Should we look at interstate wars differently?

Batten School Dean Allan Stam, along with Dan Reiter and Michael Horowitz, published “A Revised Look at Interstate Wars, 1816-2007” in the Journal of Conflict Resolution. The article analyzes the Correlates of War interstate war data version 4.0, which is critical for research in international relations. The authors found that in more than 30 percent of the 95 COW interstate wars, codings of at least one of the key variables—existence of the war, list of participants, initiator and outcome—needs to be revised. Their article describes a data set that incorporates these revisions.


 

Batten faculty among the ranks of NAPA fellows

The National Academy of Public Administration, which was chartered by Congress to serve federal, state and local governments, elects Fellows who will address emerging issues and contribute to the discourse on government through standing panels.

Three Batten School faculty members have been elected as NAPA Fellows in recent years. Raymond Scheppach, senior lecturer and former executive director of the National Governors Association, is a specialist in the role of states in policy formulation.

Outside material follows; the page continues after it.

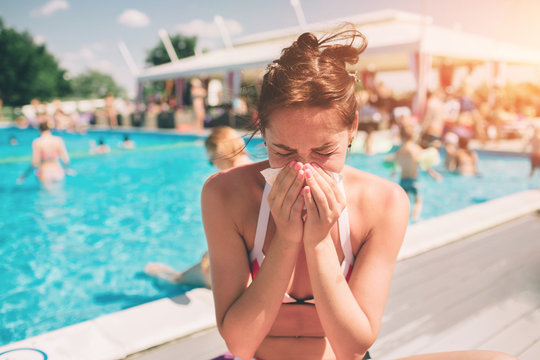 picture from a Beautiful women in bikini with handkerchief. Sick female model has runny nose. girl makes a cure for the common cold. She is sick in the summer on vacation.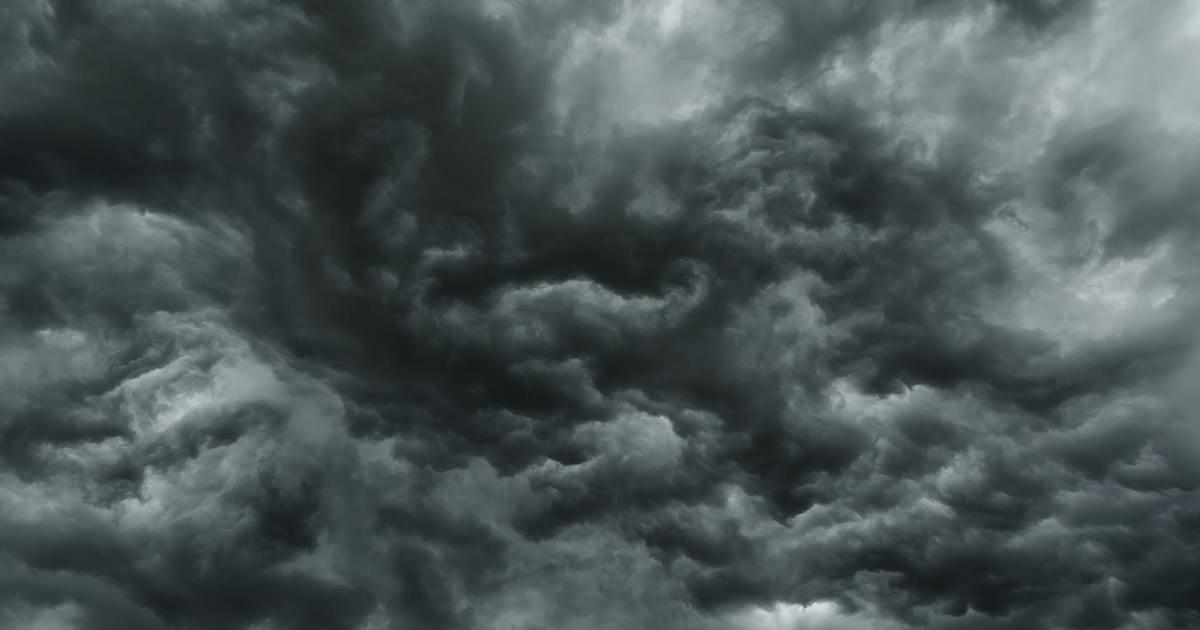 Dense dark storm clouds filling the frame with no horizon visible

Professor Eric Patashnik, director of Batten’s Center for Health Policy, is an elected Fellow and was awarded NAPA’s Louis Brownlow Book Award in 2009. Most recently, Professor James Savage, who also teaches political science at the University of Virginia, was elected a Fellow in fall 2014.

Through the trusted and experienced leadership exhibited by these Fellows, NAPA aims to improve the quality, performance and accountability of government.